Но вот в очередной раз заснув, фрукточеловек ощутил легкий, едва приметный, полет куда-то вниз, который длился до безобразия долго, постепенно приобретая отчетливость и очертания. Сперва это был привычный навеянный страх перед приземлением, но по мере того, как оно не наступало, холодная невесомость убаюкивала всколыхнувшиеся чувства, обволакивая в кокон покорной безмятежности. Однако весьма скоро и это прекратилось, сменяясь привычной темнотой.
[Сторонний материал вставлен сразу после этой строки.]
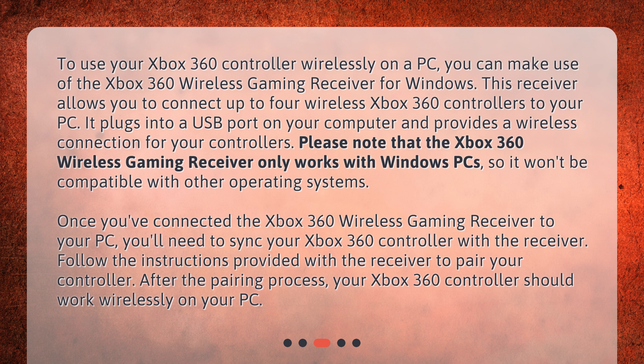Once you've connected the Xbox 360 Wireless Gaming Receiver to your PC, you'll need to sync your Xbox 360 controller with the receiver. After the pairing process, your Xbox 360 controller should work wirelessly on your PC.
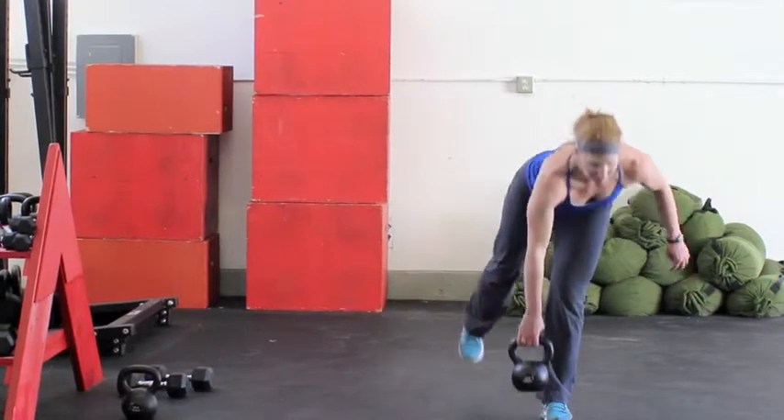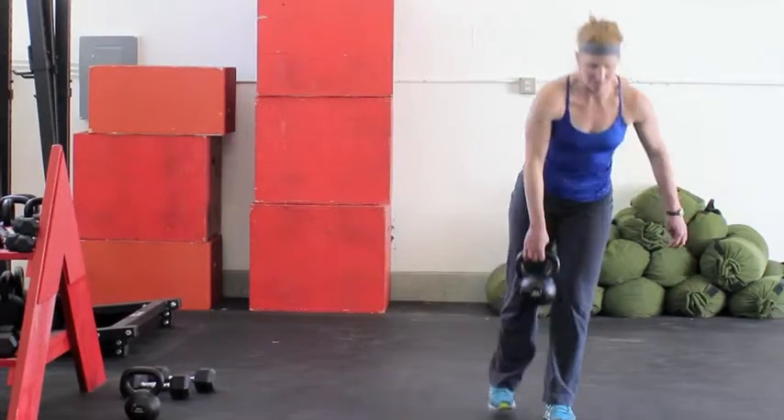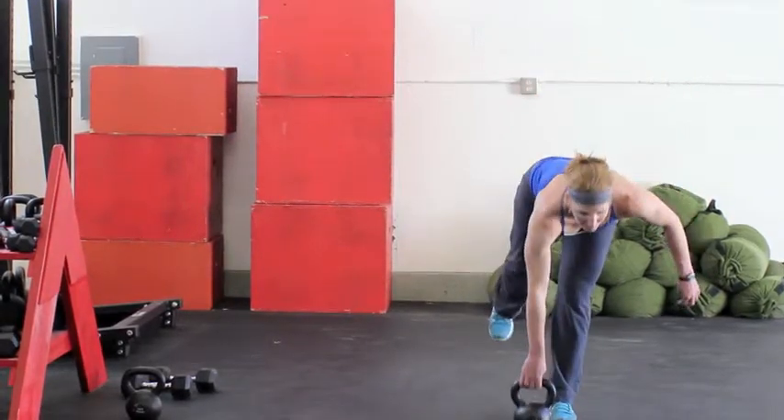From the front view, trying to keep the hips as square as you can, bring the kettlebell and bring that leg back. Really focus on a spot on the floor to keep your balance here.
Его вытолкнуло из сна столь же плавно и незаметно, словно он просто прикрыл глаза, при этом зависнув по середине своего пути куда-то. Проморгавшись зрение все яснее выхватывало очертания его нового окружения. Твердый пол под ногами по мере приближения к размытому горизонту будто смягчался. Далекий шум усиливался, словно набирая силу и объем.
— Здравствуй, Уильям, — струящийся женский голос раздался откуда-то сверху.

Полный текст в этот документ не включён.